The rapid emergence of these systems also led to the development of new practices focused on machine learning and data specifically. With traditional software, it is easy to test if it’s working: there is usually a discrete set of possible inputs and outputs. When it comes to sophisticated ML models and AI systems, however, it becomes hard to fully monitor and observe what is happening inside. Some models may draw upon thousands if not millions of inputs to make a decision. This is why we need a new framework focused around ML and AI that is data-centric and aims at producing high-quality models and systems that work with the goals of rapid iteration of DevOps and MLOps.

Such a framework would be similar to APM but would apply to ML models and account for the nuances and differences between these models and traditional applications. This framework can be called model performance management (MPM). Model performance is not only reliant on metrics but also on how well a model can be explained when something eventually goes wrong. This is known as model explainability. Just as APM aims at providing ops teams with more visibility into the entire application development process, MPM allows those teams to monitor models as they are being trained, validated, and deployed. In this chapter, we will discuss the need for such a framework before delving deeper into the nuances and stages involved in the ML life cycle and how MPM and model explainability fit into it.

DevOps and Application Performance Management

Let’s take a step back and talk about why DevOps and APM came to be and what they are.

DevOps

DevOps, or development operations, is a term used to describe the combination of cultural practices, business processes, and toolchains that are used to achieve rapid iteration and high velocity. The goal is to innovate quickly and catch problems and issues as soon as they arise. There are many DevOps frameworks and tools out there, and each has its pros and cons, but at the center of it all is an overarching philosophy that unifies the practices in some ways across companies and domains.

One tenet of DevOps is system observability and, in turn, monitoring. Monitoring is achieved through the use of metrics and logs that enable us to track what is happening inside an application. There are tools that do monitoring, and there are tools that offer full observability, but there is no one unified framework that aims at achieving full visibility into application systems. Thus, DevOps is often combined with APM.

Application Performance Management

APM provides a framework for monitoring and managing software application performance through measuring metrics about the application, with the aim of catching issues as soon as they appear, if not before. The exact metrics used can vary, but, with applications increasingly moving to the cloud, ensuring that APIs remain performant and meet users’ real-time expectations is getting more and more complicated. We need to make sure our applications are always available when needed and can handle an increase or decrease in load without losing performance.

Your business might have APIs it serves to customers, or internal APIs for applications used by employees. You might also be using an external vendor’s APIs for your own business needs.

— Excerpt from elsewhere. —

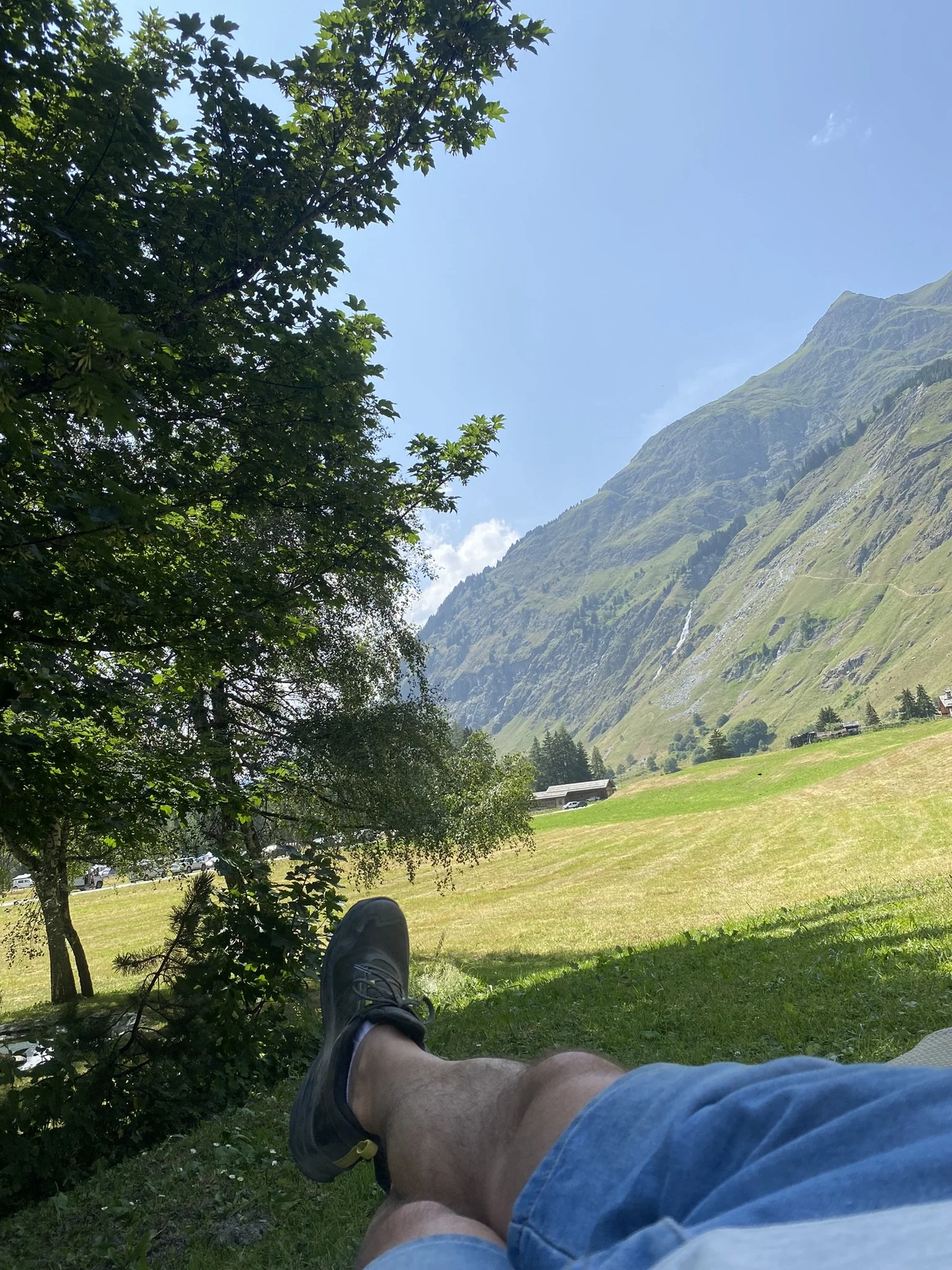 Paysage de montagne avec des collines verdoyantes, un arbre et un ciel bleu clair. La photo montre une personne allongée au sol avec une jambe en vue, portant un short et une chaussure de sport, profitant du paysage.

Regardless of the details, you will need to ensure that the applications using these APIs are performing with acceptable responsiveness and fluidness so that users aren’t left waiting for minutes for a page to load. This comes down to how fast the API can respond to user requests. If an API is suddenly slowing down, an APM framework will automatically alert the responsible team so they can investigate it, find the root cause, and address it. Having full observability allows teams to rapidly identify and fix problems before they cause a loss in revenue for your business.

The benefits of APM are:

Broad visibility: Prior to the rise of the DevOps tools that we have today, monitoring infrastructure was limited in functionality and difficult to use. Software and hardware were monitored separately, creating disconnected experiences. APM introduces broad visibility across all aspects of the deployment cycle, unified under one framework.
Increased observability: When monitoring triggers an alert, teams address the problem with a fix. However, locating the source can be tedious and repetitive, especially when an alert was actually expected rather than a surprise. Going beyond visibility, APM provides additional root-cause debugging support, called observability. For example, with observability, an application’s drop in performance might be attributed to a node in the cluster failing to process requests and not a problem with the code itself.
Clear ownership: APM enables DevOps engineers to manage the end-to-end life cycle of production code through observability and clear ownership. Clarity of ownership allows for the designation of specialized individuals who can respond to issues rapidly.
Iteration speed: Ultimately, a streamlined process with clear stakeholders and availability of monitoring tools for broad visibility enables your teams to deploy and identify and fix issues quickly, thus reducing the time between iterations and maximizing the impact of each iteration.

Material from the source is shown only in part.